Roanoke Times Copyright (c) 1995, Landmark Communications, Inc. DATE: WEDNESDAY, February 9, 1994 TAG: 9402090215 SECTION: NATL PAGE: A2 EDITION: METRO SOURCE: Associated Press DATELINE: WASHINGTON LENGTH: Medium
A three-judge panel of the U.S. Court of Appeals released hundreds of pages of previously secret court documents filed in December by former President Reagan and former Attorney General Edwin Meese seeking to block the Jan. 18 release of the prosecutor's report.
But North's name was absent from the court files. One court document had black ink blotting out the name of a third party seeking to suppress the report.

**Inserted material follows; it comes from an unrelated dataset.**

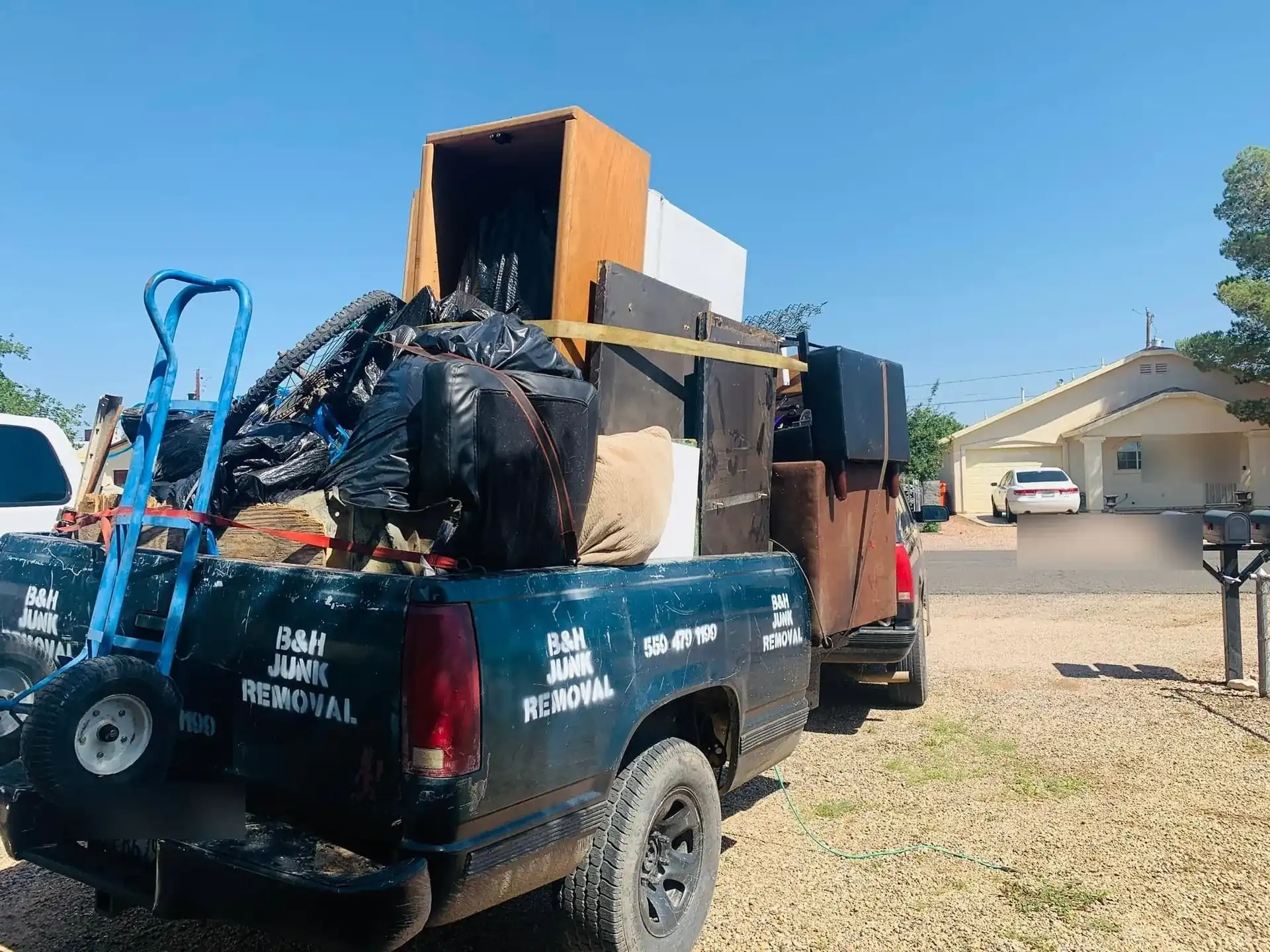 The B&H Junk Removal truck and trailer loaded with furniture and bagged waste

The name was North's, and it was blacked out by court officers at the request of North and his lawyers, according to the sources, who have closely followed the seven-year investigation of the scandal.
The sources, who spoke on condition of anonymity, also said North's lawyers removed from court files their secret motions seeking to stop release of the report.

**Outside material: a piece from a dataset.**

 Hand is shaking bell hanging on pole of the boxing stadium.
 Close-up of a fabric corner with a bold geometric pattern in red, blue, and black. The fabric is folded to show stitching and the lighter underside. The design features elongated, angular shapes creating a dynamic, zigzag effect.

``We just don't have any comment,'' North lawyer Nicole Seligman said when asked about the former White House aide's decision to keep his court motions off the public record.

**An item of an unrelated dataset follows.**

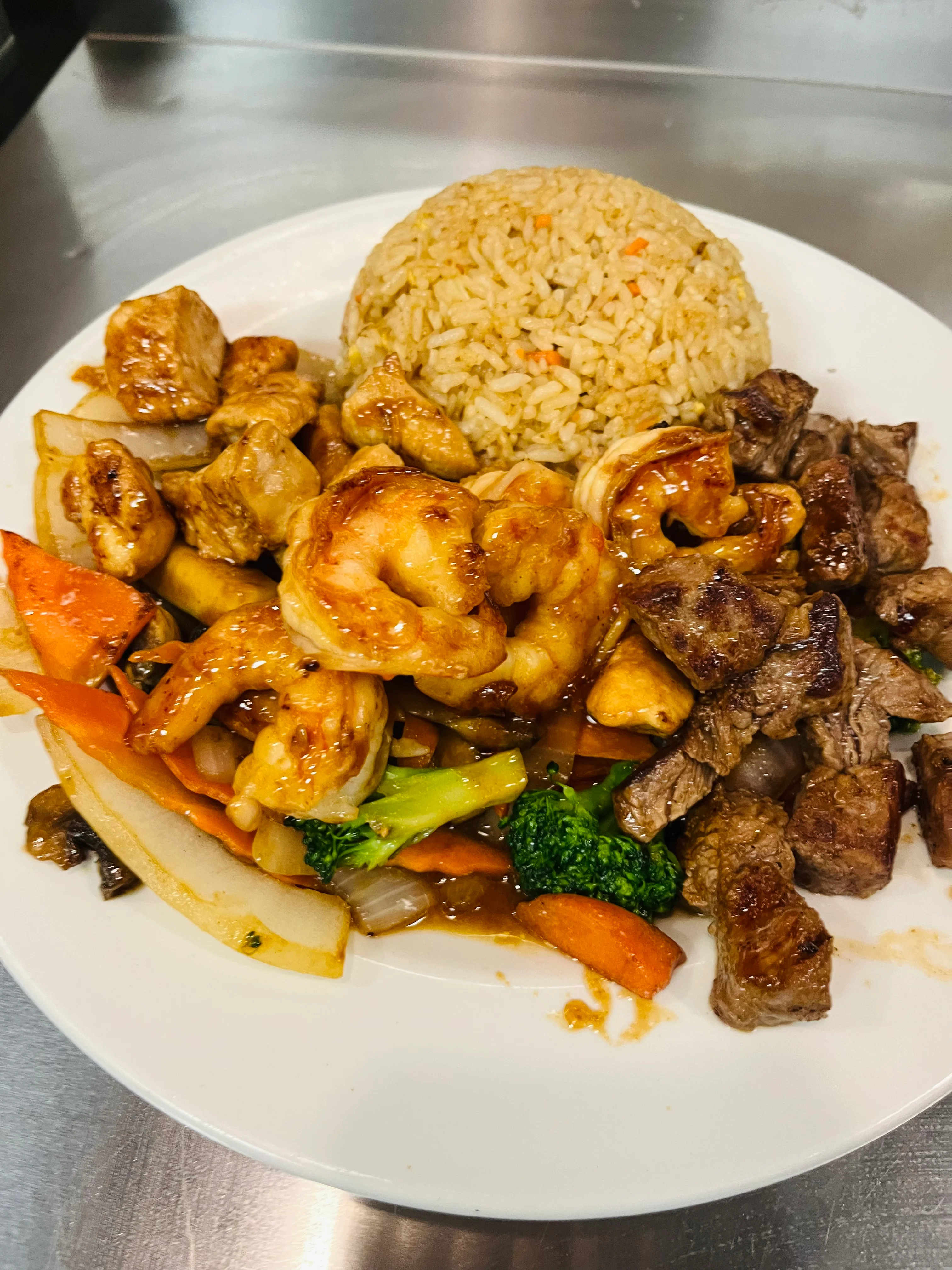 Delicious hibachi shrimp and steak with fried rice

North is seeking the Republican nomination for the Senate seat held by Charles Robb, D-Va.
The report by prosecutor Lawrence Walsh concludes that Reagan acquiesced in a cover-up of the Iran-Contra scandal spearheaded by Meese. It also concludes that North regarded Reagan's comments about secretly assisting the Nicaraguan Contras as ``an invitation to break the law.''
In the newly released court papers, filed Dec. 3, Reagan's lawyers complained that Walsh's then-secret report ``contains page after page of innuendo that former President Reagan and others might have transgressed criminal laws.''
Walsh's report ``is fraught with scurrilous accusations intended to damage the good name of honest public servants like former Attorney General Edwin Meese,'' lawyers said in the newly released court filing.
Meese's lawyers asked the appeals court judges to delete from Walsh's report ``accusations ... pertaining to any alleged criminal conduct on the part of Edwin Meese.''
Reagan asked that the court refuse to release Walsh's report ``to the public or any other entity or person'' unless it was rewritten to remove ``opinions, conclusions and innuendo.''
The sources said North made similar objections. Walsh's Dec. 8 court filing arguing against suppression addresses Reagan's objections side-by-side with the objections of the blacked-out third party.
Unlike Reagan and Meese, North was tried and convicted of three felonies in the Iran-Contra scandal. The convictions later were set aside and eventually dismissed because prosecutors were unable to show that North's trial was free of taint from his immunized congressional testimony in 1987.